KR Sridhar, CEO of Bloom Energy, said, “It is now widely understood that demand for electricity is expected to far exceed available supply through the grid. It is presenting Bloom with a huge opportunity. We are seeing high levels of commercial interest in our products and solutions. We continue to execute well, advance our technology and build out our team for future growth.”

Bloom Energy pulled off the highest full-year guidance raise of the whole group. Investor expectations, however, were likely higher than Wall Street’s published projections, leaving some wishing for even better results (analysts’ consensus estimates are those published by big banks and advisory firms, not the investors who make buy and sell decisions). The stock is down 3.5% since reporting and currently trades at $10.18.

Is now the time to buy Bloom Energy? Find out by reading the original article on StockStory, it’s free.

Best Q2: EVgo (NASDAQ:EVGO)

Created through a settlement between NRG Energy (NYSE:NRG) and the California Public Utilities Commission, EVgo (NASDAQ:EVGO) is a provider of electric vehicle charging solutions, operating fast charging stations across the United States.

EVgo reported revenues of $66.62 million, up 31.8% year on year, outperforming analysts’ expectations by 12.2%. The business had a stunning quarter with an impressive beat of analysts’ operating margin estimates and full-year revenue guidance exceeding analysts’ expectations.

The market seems happy with the results as the stock is up 71.7% since reporting. It currently trades at $6.61.

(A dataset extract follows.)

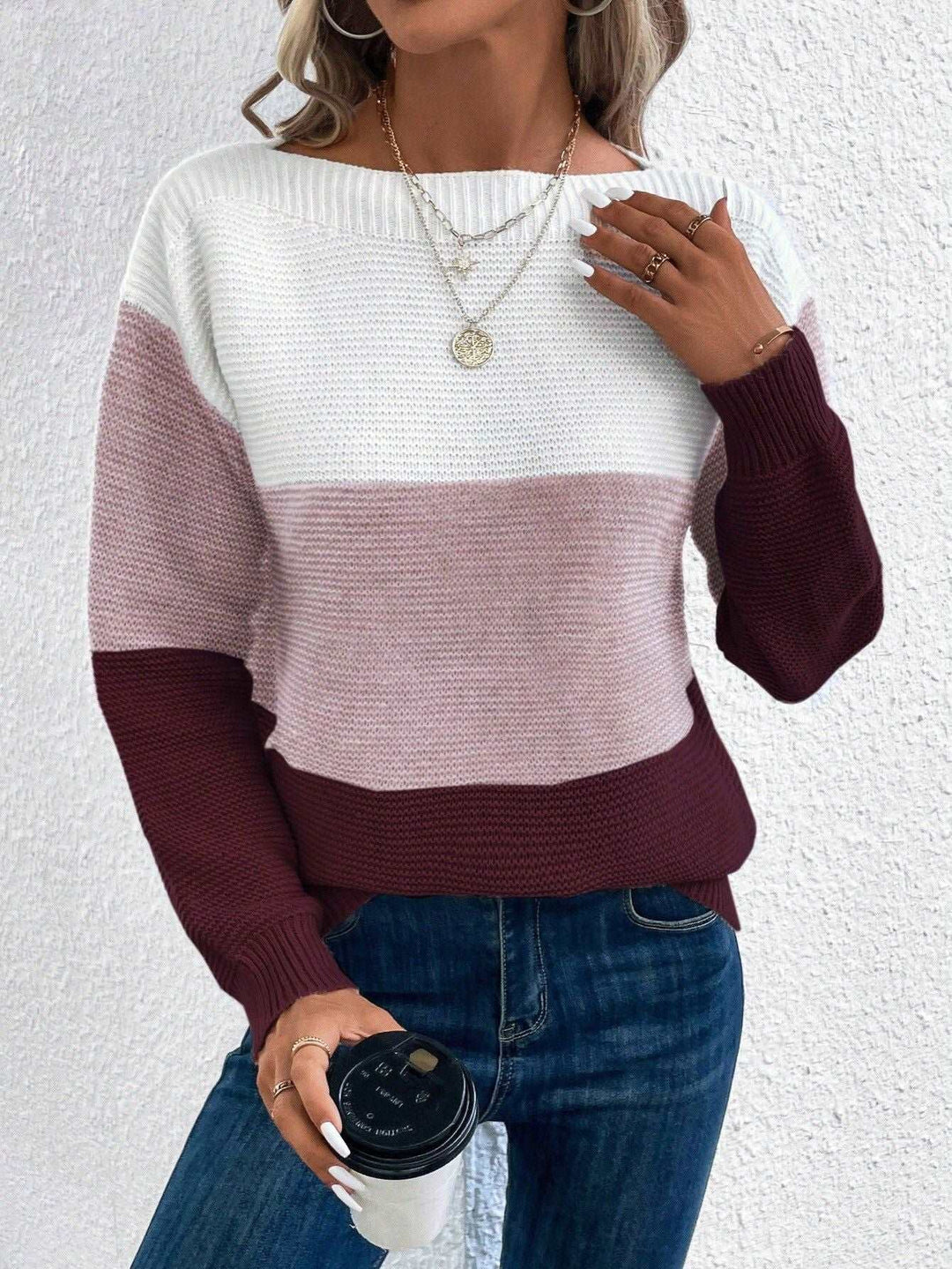 Luchtige Gestreepte Warme Sweater-Blazers & Vesten-Calora-Paars-S-Calora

Weakest Q2: Blink Charging (NASDAQ:BLNK)

One of the first EV charging companies to go public, Blink Charging (NASDAQ:BLNK) is a manufacturer, owner, operator, and provider of electric vehicle charging equipment and networked EV charging services.

Blink Charging reported revenues of $33.26 million, up 1.3% year on year, falling short of analysts’ expectations by 14.5%. It was a disappointing quarter as it posted a miss of analysts’ earnings estimates.

As expected, the stock is down 24.9% since the results and currently trades at $1.90.

Nextracker (NASDAQ:NXT)

With its technology playing a key role in the Noor Abu Dabhi project, one of the largest solar farms in the world, Nextracker (NASDAQ:NXT) provides solar tracker systems that help solar panels follow the sun.

Nextracker reported revenues of $719.9 million, up 50.1% year on year. This number beat analysts’ expectations by 16.8%. Taking a step back, it was a mixed quarter as it also logged an impressive beat of analysts’ operating margin estimates but a miss of analysts’ earnings estimates.

Nextracker achieved the biggest analyst estimates beat and fastest revenue growth among its peers. The stock is down 25.1% since reporting and currently trades at $35.06.

EnerSys (NYSE:ENS)

Supplying batteries that power equipment as big as mining rigs, EnerSys (NYSE:ENS) manufactures various kinds of batteries for a range of industries.

EnerSys reported revenues of $852.9 million, down 6.1% year on year. This number came in 2.7% below analysts' expectations. More broadly, it was actually a strong quarter as it put up full-year revenue guidance exceeding analysts’ expectations and a solid beat of analysts’ operating margin estimates.

The stock is up 5.9% since reporting and currently trades at $100.75.